Sydney auction prices show signs of slipping in investor heartlands

Property prices in parts of Sydney are starting to fall after years of booming growth in the first sign the overheated market is sagging after unprecedented intervention by regulators and a wave of spring listings flooding the market.

In the first indication that falling auction clearance rates are hitting prices, new data from the Domain Group shows prices growth at auction has slowed markedly in almost every region of Sydney. In Canterbury-Bankstown prices growth was flat over August and in the south-west auction prices fell 1.2 per cent.

The weakening of auction prices coincides with the region’s plummeting clearance rate, which fell from 62.1 per cent in in July to 54.7 per cent in August.

Reserve Bank Governor Glenn Stevens said on Friday he expected some potential property investors to instead become owner occupiers as the heat comes out of the investment property market.

Mr Stevens said the flow of new lending to investors was no longer increasing as quickly, and the rate of growth will gradually come back to the regulator’s 10 per cent ‘speed limit’ on investor lending growth.

“I predict we may now see a number of people who used to call themselves investors are going to call themselves owner occupiers because the relative pricing has changed,” Mr Stevens said.

Experts say a market previously driven by buyers not wanting to miss out has been turned on its head: it’s now driven by sellers not wanting to miss out on the peak of the market.

“We’re getting a quite extraordinary number of listings, significantly higher than we’ve had at this time of year before,” says Dr Andrew Wilson, senior economist of the Domain Group.

“That perception that the market is flattening means we’re getting so many properties, it’s starting to push the balance of buyers and sellers closer together to become more of a buyers’ market.”

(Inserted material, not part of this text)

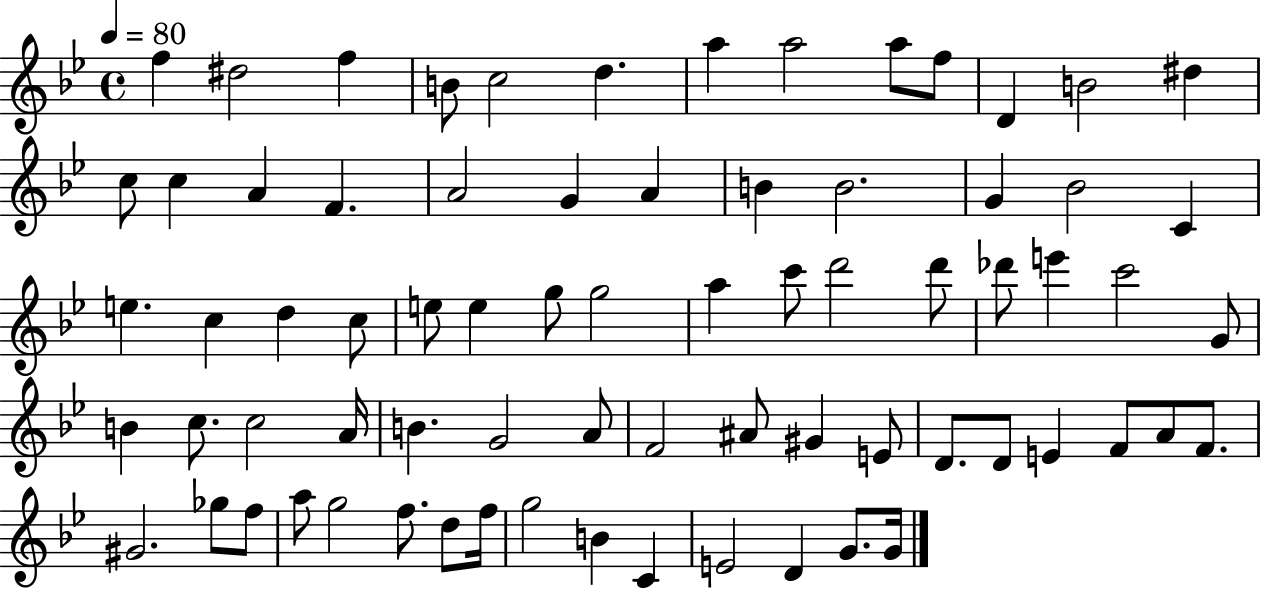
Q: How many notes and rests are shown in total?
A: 73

But buyers are also feeling the pinch; affordability has worsened after rapid second-quarter prices growth and the recent action by banking regulators to force banks to tighten lending conditions has closed the purse for many investors.

As a result, last Saturday’s auction clearance rate for Sydney as a whole dropped to 72.9 per cent, more than 10 percentage points below this time last year, and a dramatic contrast to May’s peak of almost 90 per cent.

In the hardest-hit south-west region, Aldo Palermo of Laing & Simmons Fairfield blamed starry-eyed vendors. “We’ve seen some buyers being opportunistic and they’re asking prices that are too high,” he says.

“While some suburbs are stronger, mostly by train stations, the fact that records have previously been broken has seen some vendors automatically putting up their prices. For a house worth $820,000 they might round it up to $900,000.”

Anthony Bucca, sales manager of LJ Hooker Leppington nearby, says, in addition, some buyers are standing back, waiting and watching. “They’re wary after the change of Prime Minister, and about the economy, so they’re choosing to see if the market cools down more.”

The next worst affected is Canterbury-Bankstown, where auction clearance rates slumped to 70.7 per cent in August, down from 78.4 per cent in July.

The number of potential buyers inspecting homes is now down by about 50 per cent, believes Dean Owsnett, director of Chambers Fleming Professionals Padstow. “The market is certainly quietening down a little bit,” he says.

“It’s swinging more to a buyers’ market. Prices aren’t coming down, but properties are taking a bit longer on the market to sell. There’s a lot more properties on the market, and the new regulations have hit investors.”

We could possibly see price falls later. “In the coming months, we could, but it depends on the property,” says Cameron Mattison of Richardson & Wrench Bankstown. “Development sites are holding their prices, but units are sometimes not reaching reserves a little bit.”

Although auction prices in the west increased in August, agents there say the market is weakening..

“We were getting 40 people to an open house and now it’s more likely 10,” says Rod McIvor of Stanton & Taylor First National in Penrith. “Too much stock on the market will create a few bargains. Prices have been so high, they will level out for a while.”

What we’re actually seeing, believes Doug Driscoll of Starr Partners, is a white-hot market now becoming a red-hot market. “We’re starting to see a slowdown in prices growth, but it’s certainly not panic stations,” he says.

In contrast, prices achieved at auction the the inner-ring regions are holding up quite well.

“Spring brings out the buyers in the mid-to-higher price range. And it has been a little flat in the long term,” says Driscoll.